Case ID: bta_14/html/1006-01.html
Source: Caselaw Access Project
Author: {"author": "Van Fossan:", "license": "Public Domain", "url": "https://static.case.law/"}
Date Created: 2024-08-24T03:29:51.129683

Washington School of Art, Petitioner, v. Commissioner of Internal Revenue, Respondent.
    Docket No. 14177.
    Promulgated January 7, 1929.
    
      Ben.Jenhins, Esq., and A. F. Prescott, Jr., Esq., for the petitioner.
    
      J. Arthur Adams, Esq., for the respondent.
   OPINION.

Van Fossan:

The primary question for our consideration is whether or not the petitioner should be classified as a personal service corporation under section 200 o.f the Revenue Act of 1918.
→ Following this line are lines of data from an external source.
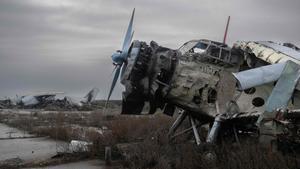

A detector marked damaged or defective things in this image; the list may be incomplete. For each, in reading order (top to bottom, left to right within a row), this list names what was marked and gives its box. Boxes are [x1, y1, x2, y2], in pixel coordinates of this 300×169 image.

wrecked airplane [105, 8, 300, 149]
torn metal sheet [232, 62, 286, 90]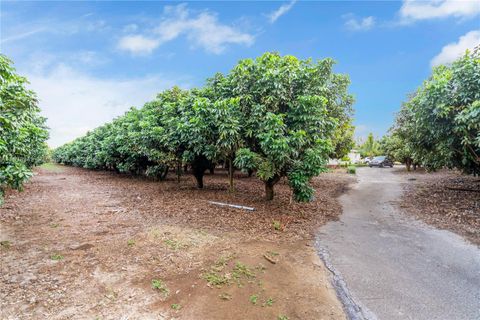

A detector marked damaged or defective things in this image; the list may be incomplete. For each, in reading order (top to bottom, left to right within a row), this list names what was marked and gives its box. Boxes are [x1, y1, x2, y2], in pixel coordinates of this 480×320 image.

cracked asphalt edge [316, 240, 378, 320]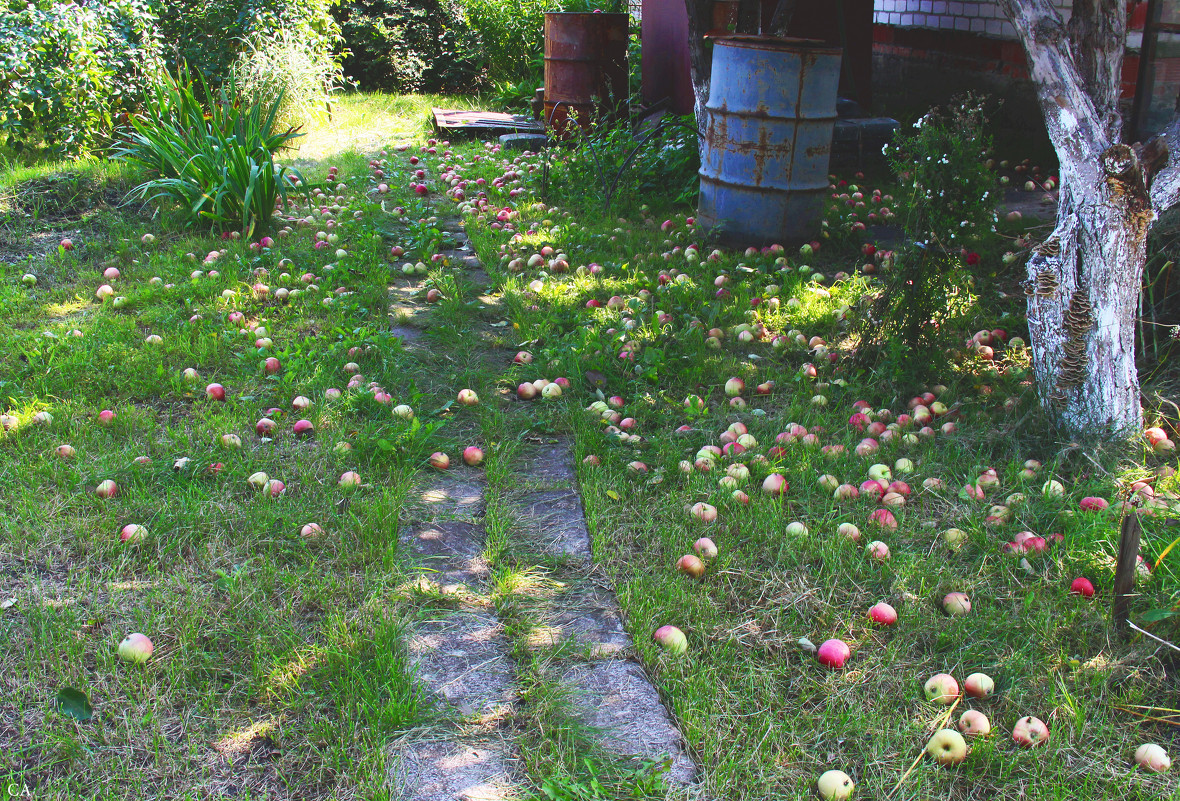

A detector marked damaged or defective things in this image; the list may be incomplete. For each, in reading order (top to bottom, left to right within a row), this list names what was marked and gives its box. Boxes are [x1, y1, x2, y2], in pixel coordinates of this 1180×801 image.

rusty metal drum [547, 12, 632, 138]
rusty metal lid [703, 33, 844, 55]
rusty metal drum [693, 34, 844, 246]
rusty blue barrel [693, 37, 844, 244]
cracked concrete slab [389, 740, 519, 801]
cracked concrete slab [559, 660, 693, 788]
The three essential requirements of that Act entitling the petitioner to denomination as a personal service corporation are (1) its income must be ascribed primarily to the activities of the principal owners or stockholders; (2) such principal owners or stockholders must be regularly engaged in the active conduct of the affairs of the corporation; and (3) capital (whether invested or borrowed) must not be a material income-producing factor. All three elements must concur and the burden is upon the petitioner to show that it meets clearly all the requirements of the statute. William Morris Enterprises, Inc., 1 B. T. A. 946; Continental Accounting & Audit Co., 7 B. T. A. 330; and Denver Live Stock Commission Co., 7 B. T. A. 985.

The record discloses that Arthur J. Luchs owned 97 per cent of petitioner’s stock and devoted all of his time to the corporate business. Petitioner thus meets the second of the above-named qualifications.

It also appears, however, that the school was built almost entirely around the name of Will PI. Chandlee, an experienced artist, illustrator, and instructor. Although he was not a stockholder in the corporation, in petitioner’s catalogue, in its advertising, and in its course of instruction Chandlee was featured to the exclusion of any one else. Pie prepared and sponsored the course of instruction and was represented as personally supervising all art instruction. Not only was Chandlee put forward as the chief asset of the school, but in fact be personally corrected all lessons .from 3 to 32. Letters from former students expressing appreciation for instruction received and addressed to Chandlee personally were published in petitioner’s magazine advertising. The apparent design was to create the impression that the Washington School of Art and Chandlee were one.

In such a situation, although the principal stockholder, Luchs, may have been in charge of administration, and planned and organized the capitalization of Chandlee’s name and reputation, facts not all definitely appearing in the record but assumed therefrom, we are unable to say that petitioner’s income was primarily ascribable to the activity of Luchs. Rather we are persuaded it was primarily attributable to the name and activity of Chandlee. We thus con-' elude that petitioner has failed to prove that its income was primarily to be ascribable to the activities of the principal owner or stockholder.

Though the conclusion we have indicated above renders further consideration of the personal service question unnecessary, it is noted that petitioner employed a relatively large force of clerks, sold a considerable quantity of materials and supplies to students, and spent large sums for advertising. In the record no segregation of the amounts of income attributable to these sources is attempted.

As to petitioner’s alternative proposals for special assessment the record fails to disclose any such abnormal conditions as would entitle petitioner to this relief.

Judgment will be entered for the respondent.